Exercise description >>
Taking the entries below, transcribe only the lines starting with the one with "Слейн из Warlord" and going on through the one with "DIY Kids Decor", exactly as written, without the pictures.

Start of Available records

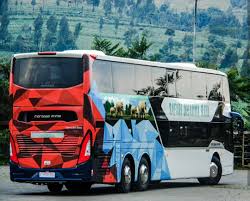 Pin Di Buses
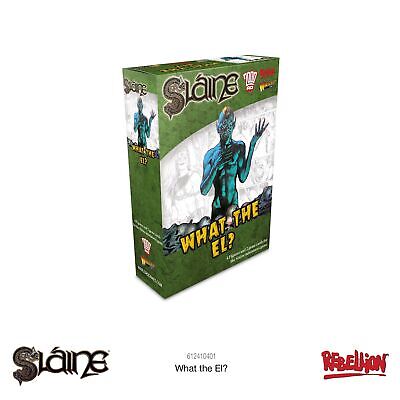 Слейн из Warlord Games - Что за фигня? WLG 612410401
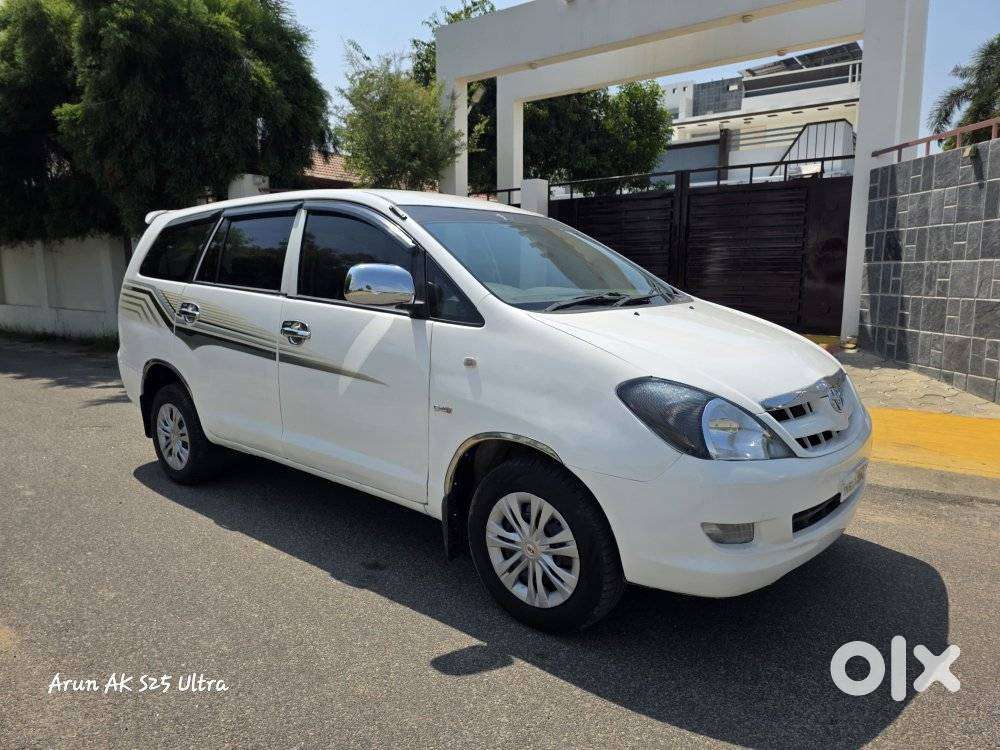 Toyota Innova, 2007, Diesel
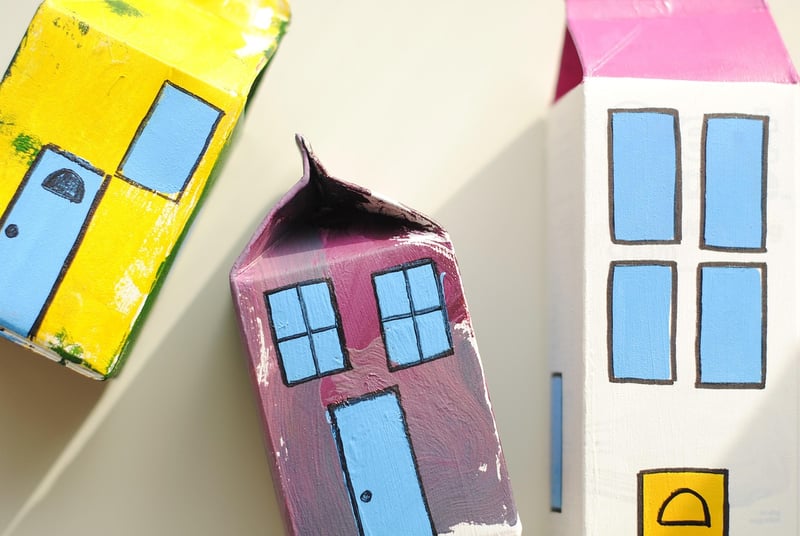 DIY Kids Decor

End of Available records
Start of Available records

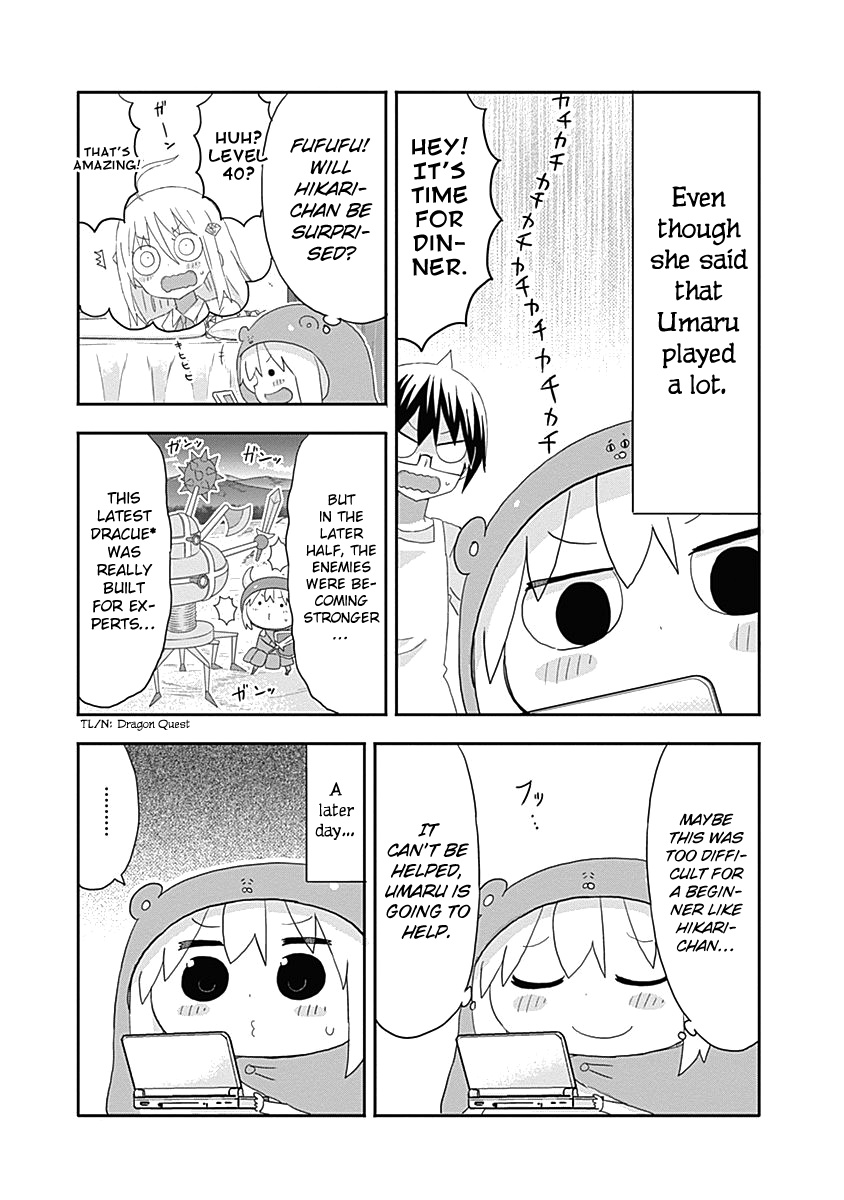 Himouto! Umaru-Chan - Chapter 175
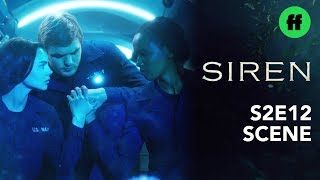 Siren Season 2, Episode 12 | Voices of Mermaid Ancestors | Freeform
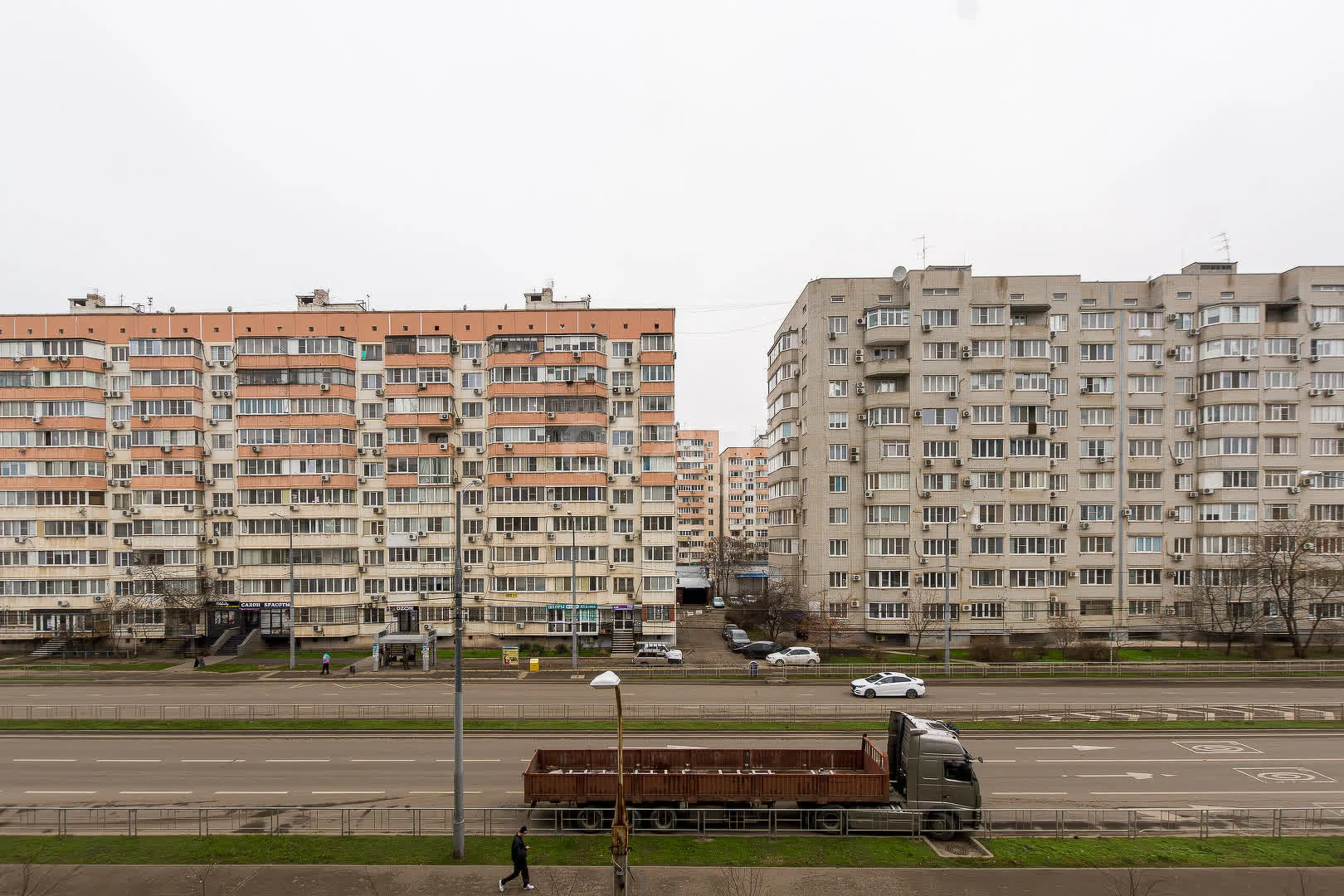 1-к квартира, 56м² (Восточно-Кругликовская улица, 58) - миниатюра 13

End of Available records
Start of Available records

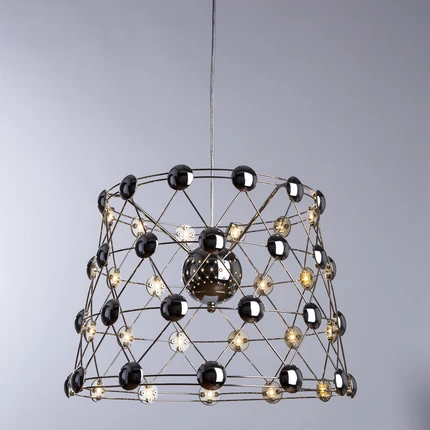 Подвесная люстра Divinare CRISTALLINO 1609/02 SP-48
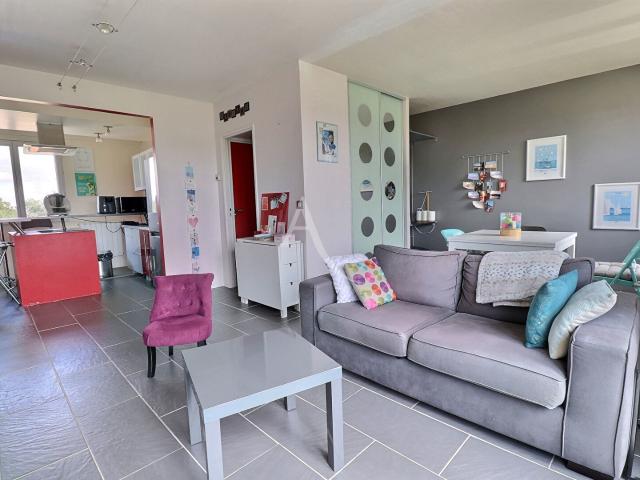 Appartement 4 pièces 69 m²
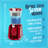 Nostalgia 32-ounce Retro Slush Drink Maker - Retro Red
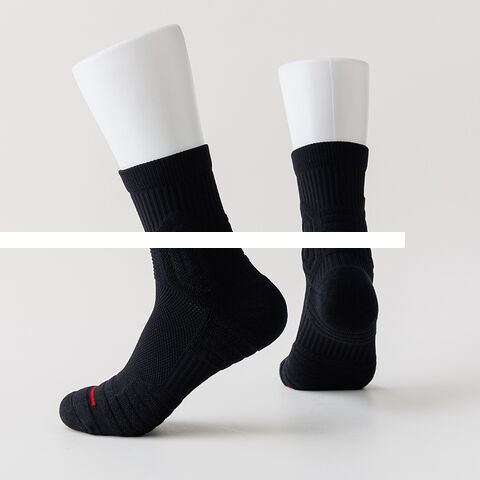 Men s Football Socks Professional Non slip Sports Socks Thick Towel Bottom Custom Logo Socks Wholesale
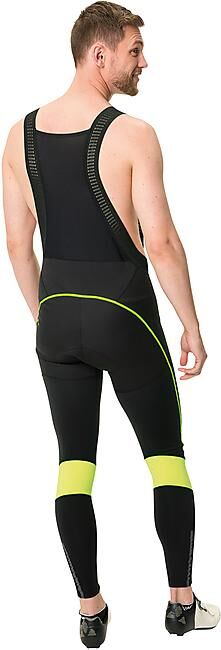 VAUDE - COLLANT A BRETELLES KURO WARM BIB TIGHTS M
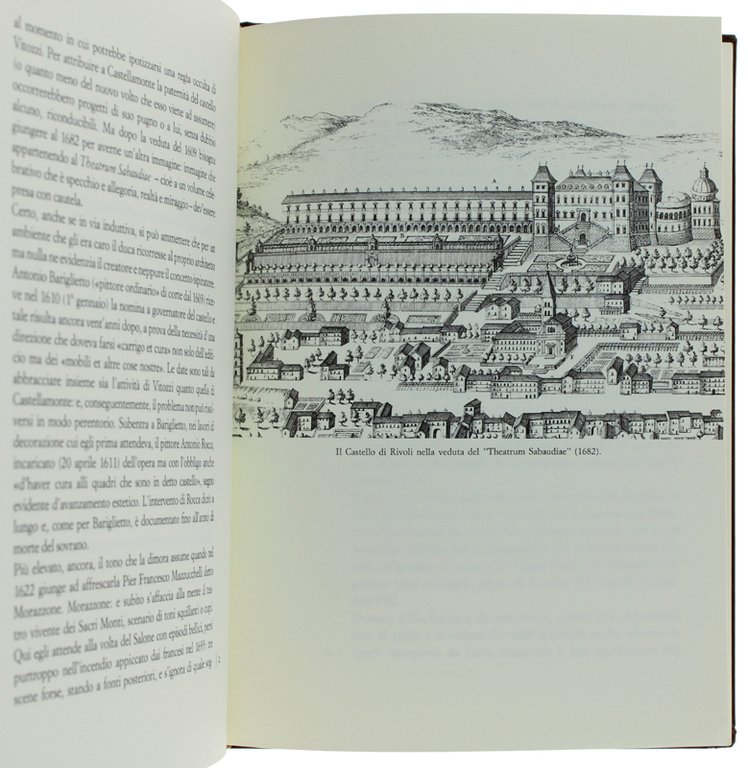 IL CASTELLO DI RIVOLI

End of Available records

Expected answer >>
 Слейн из Warlord Games - Что за фигня? WLG 612410401
 Toyota Innova, 2007, Diesel
 DIY Kids Decor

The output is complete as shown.